How can researchers effectively design knockout or knockdown experiments for AGTR1 in chimpanzee cells?

Genetic manipulation of AGTR1 in chimpanzee cells requires:

CRISPR-Cas9 Approaches:

• Design guide RNAs targeting early exons of Pan troglodytes AGTR1

• Verify guide RNA specificity using chimpanzee genome databases

• Include appropriate controls (non-targeting guides)

• Validate knockout by sequencing and functional assays

RNA Interference:

• Design siRNAs matching Pan troglodytes AGTR1 sequence

• Use multiple siRNA sequences to ensure robust knockdown

• Validate knockdown by qRT-PCR and Western blot

• Confirm functional consequences through signaling assays

Validation Strategies:

• Rescue experiments with wild-type AGTR1 to confirm specificity

• Pharmacological validation using selective AGTR1 antagonists

• Comparative analysis with human cells for translational relevance

These approaches draw on methodologies similar to those described for mouse AGTR1 studies , adapted for chimpanzee cell systems.

What considerations are important when designing binding assays for Pan troglodytes AGTR1?

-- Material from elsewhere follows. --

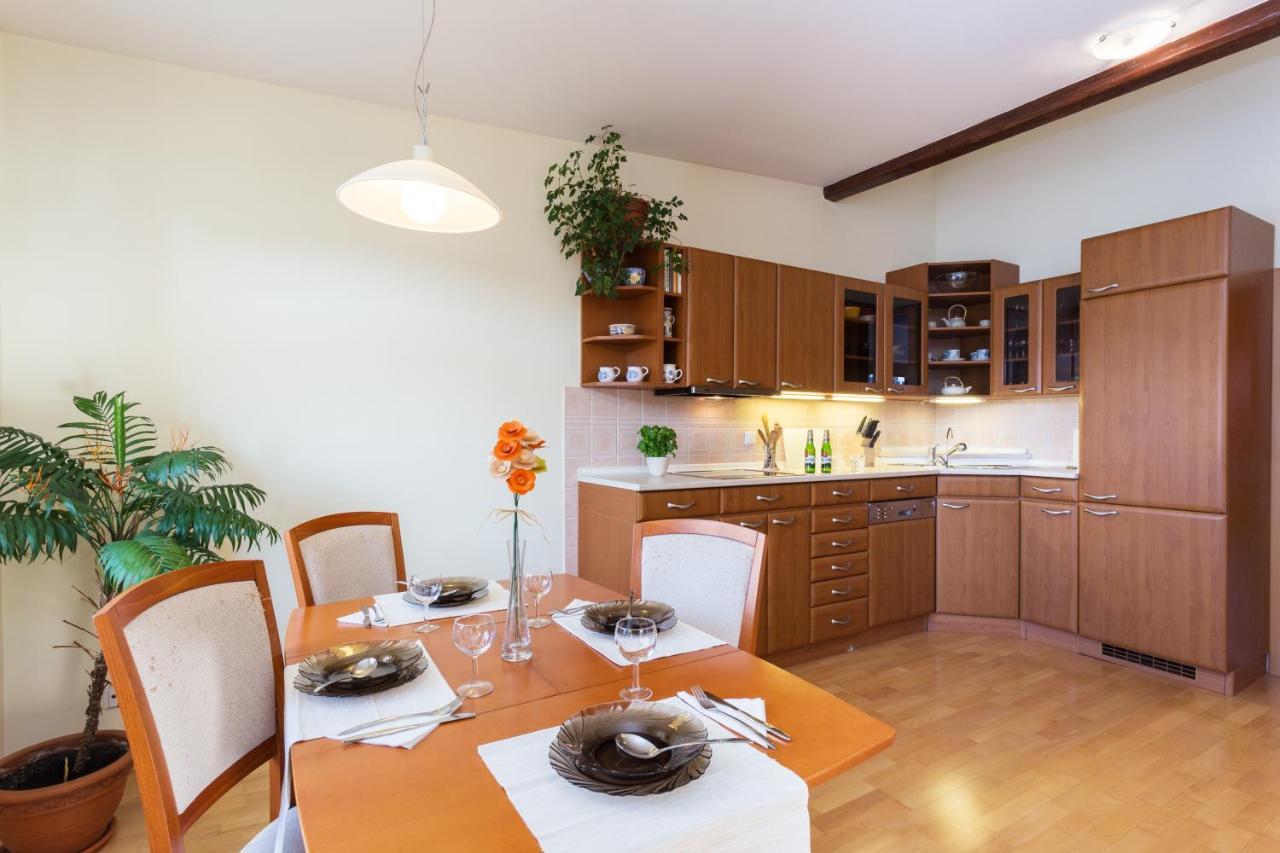 Perunova Apartments Прага Екстер'єр фото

Binding assay design for Pan troglodytes AGTR1 should address:

Radioligand Binding:

• Use [125I]-labeled angiotensin II or synthetic angiotensin II analogs

• Include appropriate controls for non-specific binding

• Perform both saturation and competition experiments

Non-Radioactive Alternatives:

• Fluorescence-based binding assays

• Surface plasmon resonance for kinetic analysis

• Time-resolved FRET approaches

Analysis Methods:

• Use appropriate binding models (one-site, two-site)

• Calculate key parameters (Kd, Bmax, EC50)

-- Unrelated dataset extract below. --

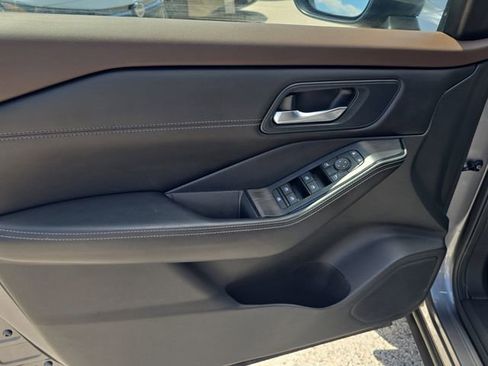 Certified 2023 Nissan Rogue SV w/ SV Premium B Package AWD/4WD image 18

• Compare with human AGTR1 binding properties under identical conditions

Specific Considerations for Chimpanzee Samples:

• Source tissues ethically with appropriate permissions

• Prepare membranes using conditions optimized for GPCR stability

• Consider species-specific differences in optimal assay conditions

These approaches will provide valuable comparative data on ligand recognition and binding properties between human and chimpanzee AGTR1.